### TASK GOAL
Search the listing for the word "Galaxy" and return each line that contains it.

### PROVIDED RECORDS
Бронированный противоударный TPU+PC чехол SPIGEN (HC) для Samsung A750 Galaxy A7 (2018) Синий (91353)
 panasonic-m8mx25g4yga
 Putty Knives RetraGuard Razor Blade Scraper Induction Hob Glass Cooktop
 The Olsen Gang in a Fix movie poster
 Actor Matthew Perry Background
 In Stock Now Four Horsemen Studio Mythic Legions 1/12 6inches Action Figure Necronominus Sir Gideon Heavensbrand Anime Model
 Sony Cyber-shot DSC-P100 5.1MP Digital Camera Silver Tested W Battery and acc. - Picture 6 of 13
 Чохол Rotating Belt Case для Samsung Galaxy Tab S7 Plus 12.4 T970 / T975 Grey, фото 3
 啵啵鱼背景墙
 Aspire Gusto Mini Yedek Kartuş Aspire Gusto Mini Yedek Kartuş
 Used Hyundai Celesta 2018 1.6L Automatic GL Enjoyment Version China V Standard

### EXERCISE OUTPUT
Бронированный противоударный TPU+PC чехол SPIGEN (HC) для Samsung A750 Galaxy A7 (2018) Синий (91353)
 Чохол Rotating Belt Case для Samsung Galaxy Tab S7 Plus 12.4 T970 / T975 Grey, фото 3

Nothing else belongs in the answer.